Therefore, we investigated the combination of [TIMP-2] × [IGFBP7] and PCT for AKI prediction with the hypothesis that the addition of an AKI biomarker with a sepsis biomarker may lead to early identification of patients with sepsis-induced AKI in order to direct preventive or proactive strategies and preserve renal function. Our results demonstrate that combining biomarkers enabled enhanced risk prediction by way of a composite risk assessment. Furthermore, using the validated cut-off of 0.3 for [TIMP-2] × [IGFBP7] and the widely used cut-off of 0.5 for PCT, we can stratify patients according to the presence of single or double-biomarker positivity. The combined positivity of the two biomarkers had approximately 26-fold increase of AKI risk, which represents a very large increase in OR from 4.0 when only one of the two biomarkers was positive. Whether this increase might be considered clinically relevant will depend on the baseline risk of the patients. Interestingly, these results were confirmed in septic and non-septic patients. The findings that [TIMP-2] × [IGFBP7] and PCT combined increased the risk for AKI also in non-septic patients led to considering two possible hypotheses. Firstly, PCT a surrogate marker of sepsis; in this line, the combination of the two biomarkers may help in risk prediction and stratification for AKI and sepsis and may highlight [TIMP-2] × [IGFBP7] to be not only an AKI biomarker, but also a marker of sepsis. Previous trials studied PCT as a marker of sepsis after surgery and trauma, however evidence is lacking [29, 30]. A second hypothesis may be the association between inflammation and subsequent AKI development. In consideration of that our ICU policy does not provide a routine use of PCT and the measurements were requested according to clinicians’ judgement, therefore our population have to be considered at risk for infection and inflammation. Nonetheless, we cannot conclude for any of the two hypothesis, because other markers of inflammation or infection should be evaluated.

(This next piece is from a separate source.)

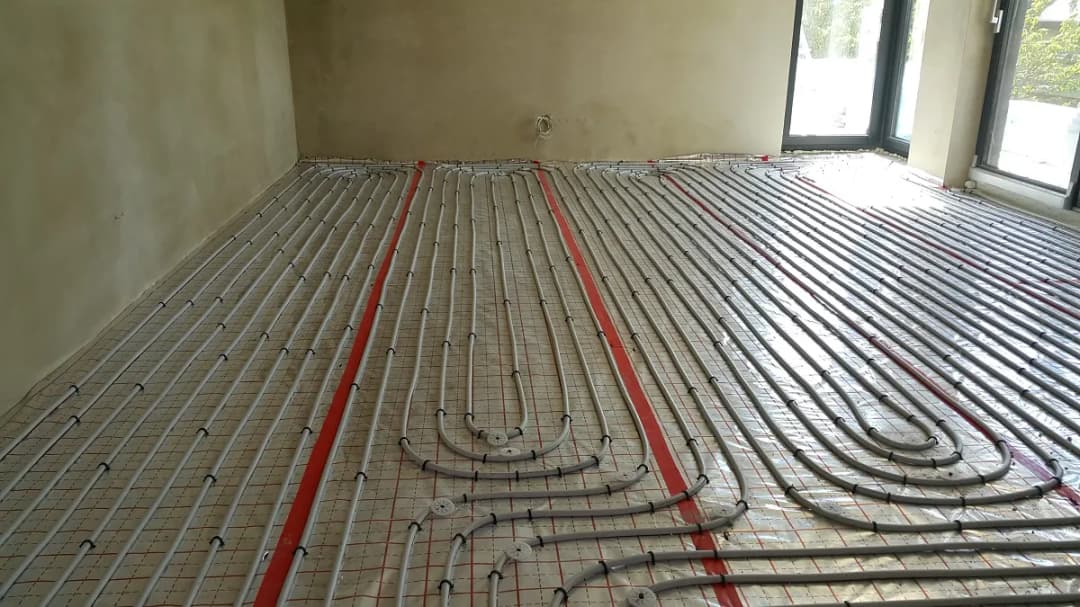 Czy buduje się ogrzewanie podłogowe pod meblami? Oto co musisz wiedzieć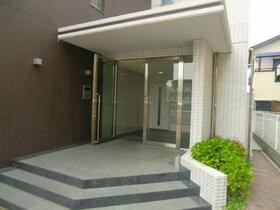 15/16 エントランス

A recent study also investigated urinary cell cycle arrest biomarkers in conjunction with classical markers of AKI to improve risk stratification for short-term severe outcomes [31]. PCT was found to be correlated with mortality only when serial measurements were performed [32]. We found that the combined positivity of [TIMP-2] × [IGFBP7] and PCT was associated with an increased risk for mortality within 7 days in septic patients and for AKD at 7 days in non-septic patients. We also found that the combined positivity reflected a more critical pattern both in septic and non-septic groups. For instance, the positivity of both biomarkers was associated with increased risk of mortality within 7 days, possibly reflecting the most critically ill patients, especially those with confirmed or suspected sepsis. From the other side the double-marker positivity combination at the time of admission was associated with an increased risk for AKD at 7 days in non-septic patients, suggesting that a septic/inflammatory state increased the risk for persistence of the renal insult. This is the first study to explore the relationship between combination of urinary cell cycle arrest biomarkers and PCT and short-term outcomes in septic and non-septic critically ill patients.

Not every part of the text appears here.